Yang selalu ada di saat pagi ku membuka mata
(Pilihanku – Maliq & D’Essentials)
Tiga bulan berlalu terasa begitu cepat sekaligus lambat bagi Bella. Awalnya, hari-hari taaruf diwarnai dengan kecanggungan dan keraguan yang mendalam. Pertemuan-pertemuan dengan Tarmiji, baik yang didampingi Damar, Isabel, Bu Mira, Nora atau Pramudya bahkan kedua adik Bella, perlahan membuka mata Bella.

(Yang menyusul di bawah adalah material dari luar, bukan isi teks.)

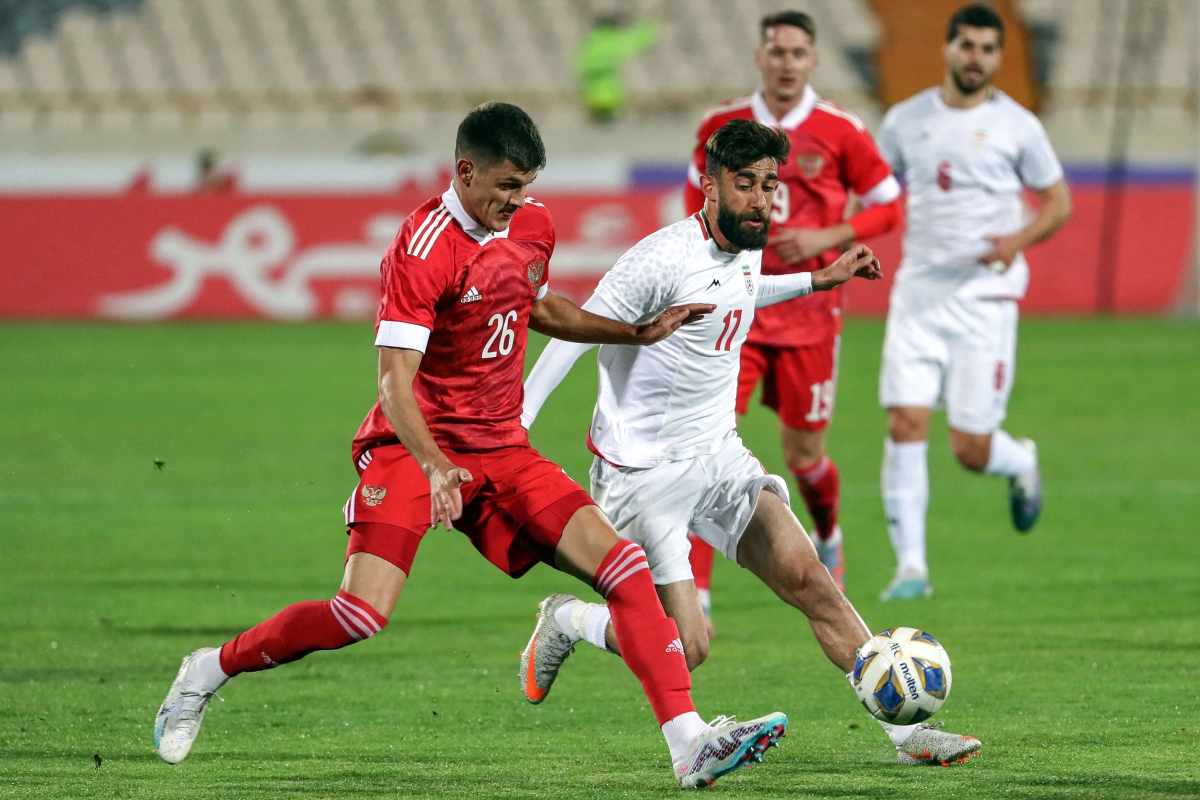 فوتبال ایران و روسیه کی است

Tarmiji menunjukkan kesabaran dan pengertian yang luar biasa. Ia tidak pernah memaksakan Bella untuk segera membuka hati. Ia dengan tulus berbagi cerita tentang hidupnya, usahanya, keluarganya, dan pandangannya tentang pernikahan. Bella, meskipun awalnya diliputi keraguan karena merasa tidak pantas, mulai melihat ketulusan dan kebaikan hati Tarmiji.

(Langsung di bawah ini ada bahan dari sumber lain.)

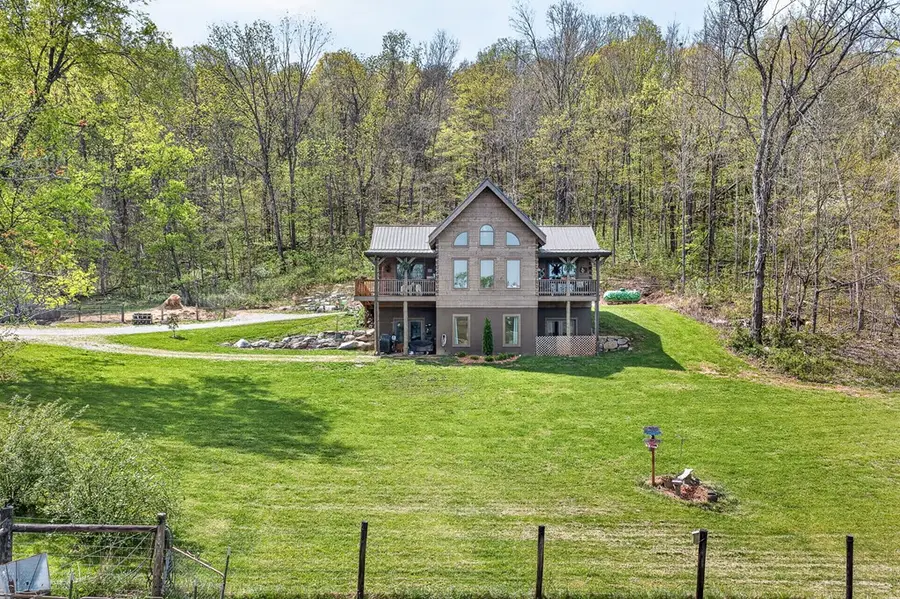 1218 Moody Rd, Byrdstown, TN 38549 - #2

Obrolan-obrolan mereka, yang awalnya kaku, lambat laun menjadi lebih hangat dan terbuka. Bella mulai berani bertanya tentang hal-hal yang lebih pribadi, tentang harapannya dalam pernikahan, dan tentang bagaimana ia melihat Bella sebagai seorang istri. Jawaban Tarmiji selalu tenang, bijaksana, dan penuh hormat, membuat Bella merasa dihargai dan diterima apa adanya.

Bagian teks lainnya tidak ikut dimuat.